Impact of Buffers on Leaching of Pesticides and Nitrate

 
                         
 

Because buffers increase water infiltration, concern has been expressed that leaching of pesticides and nitrate might be increased, possibly to shallow groundwater. When examining this possibility, it is important to consider the properties of pollutants normally present in field runoff. Because nitrate is water soluble and not adsorbed to soil particles, it quickly moves off the soil surface and into the soil with rainfall. In most settings runoff contains little nitrate. As discussed previously, nitrate is carried to surface water primarily be subsurface flow. Similarly, weakly adsorbed pesticides (which would have the greatest leaching risk) often are not detected at significant concentrations in runoff, as they quickly move into the soil. Pesticides detected in runoff are primarily strongly adsorbed compounds attached to suspended sediment and moderately adsorbed compounds both adsorbed to sediment and dissolved in water.

Strongly adsorbed pesticides have very low leaching potential due to adsorption to soil. Moderately adsorbed pesticides can sometimes leach below the root zone in small concentrations. However, quantities leaching are normally as much as 1,000 times less than quantities carried off fields by runoff. Parts per million concentrations of some products can be detected in runoff at the field edge, while concentrations detected in shallow groundwater are often only a few parts per billion, if detected at all. Because of landscape positions of many buffers near streams, pesticides or nitrate leaching into buffers would likely be carried by subsurface flow to streams. Cycling runoff through buffer soil prior to discharge to streams by subsurface flow is much better than allowing surface runoff to directly enter streams. Pesticides can be adsorbed and degraded and nitrate taken up by plants or denitrified within buffers.
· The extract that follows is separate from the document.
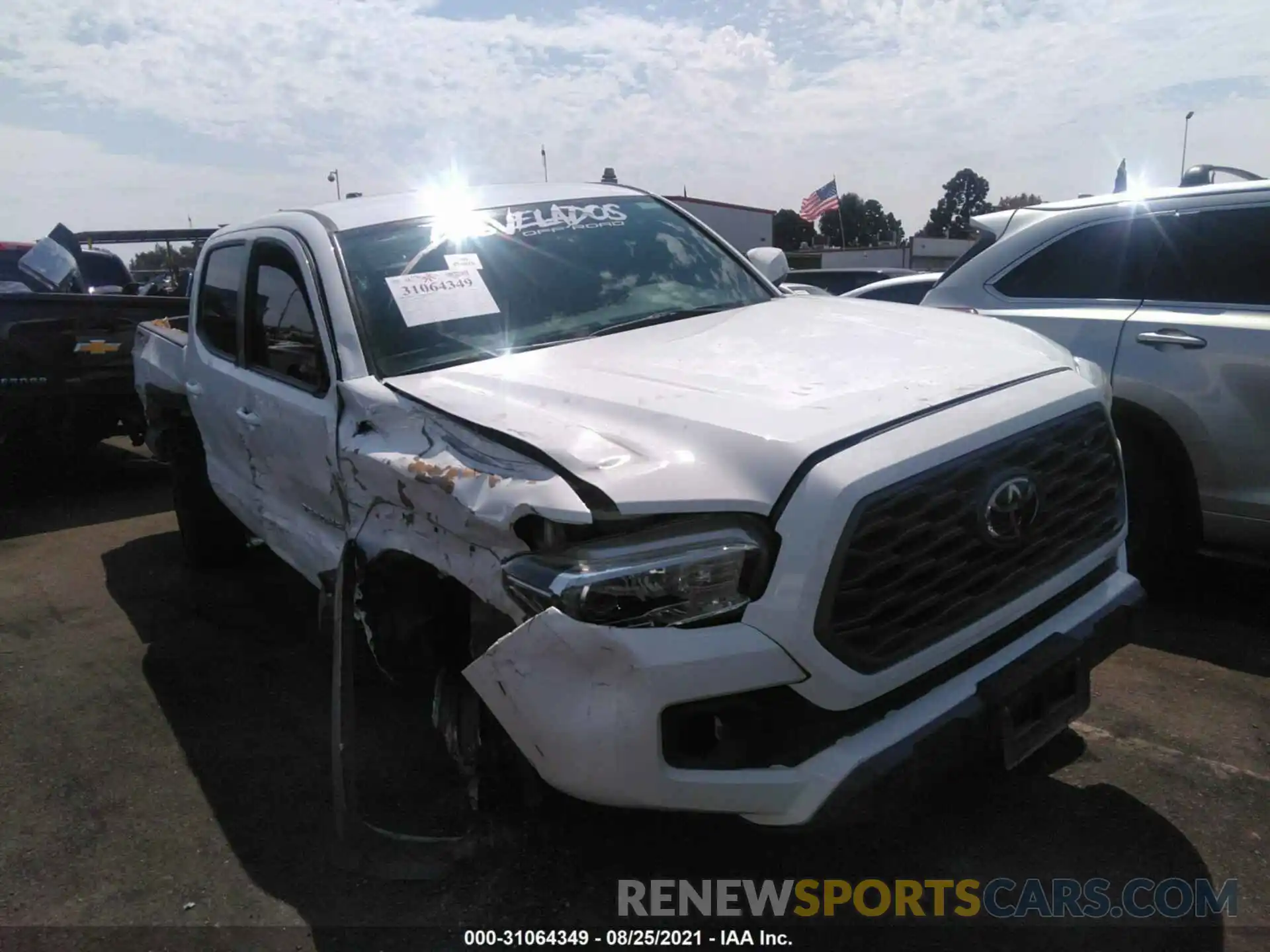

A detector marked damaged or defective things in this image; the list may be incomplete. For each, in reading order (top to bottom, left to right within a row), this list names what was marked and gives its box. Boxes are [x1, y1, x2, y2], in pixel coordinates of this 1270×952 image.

crumpled hood [383, 298, 1072, 518]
Because of the relatively low concentrations of pesticide trapped in buffers, leaching risk from buffers should be much less than leaching risk from source fields. For example, in an Iowa study, atrazine concentrations in a source corn field were 4,800 ppb in the surface 2 cm of soil after the first runoff event of the season (Fawcett et al., 1995). Atrazine concentrations in the buffer strip were 750 ppb. Use of BMPs to reduce pesticide runoff from source fields not only reduces pesticide loads ultimately reaching surface water, but also reduces loads trapped by buffers.

Conservation buffers have been shown to cause degradation of pesticides and to attenuate pesticide concentrations in subsurface water flow. In Iowa (Schultz et al., 1997) atrazine concentrations in soil water 2 feet below a corn field were 13 ppb. Atrazine concentrations beneath an adjacent grass and woody vegetation buffer were only 0.2 ppb. In a Georgia study (Lowrance et al., 1997) no atrazine was detected in shallow groundwater beneath a 3-zone buffer for the first two years of the study. In the third year of the study a large rain event soon after herbicide application resulted in atrazine detections in monitoring wells 6.6 foot deep. A concentration of 6 ppb was detected at the field edge. At the downslope edge of a 26 foot-wide grass strip adjacent to the field, atrazine concentrations declined to 2 ppb. At the downslope edge of the tree strip at the stream edge, atrazine was detected at only 0.2 ppb.

Considering the relatively small load of pesticide intercepted by buffers compared to that applied to crop fields, and the adsorption and degradation of pesticides by soil and vegetation in buffers, increased leaching of pesticides does not appear to be a significant risk from conservation buffers.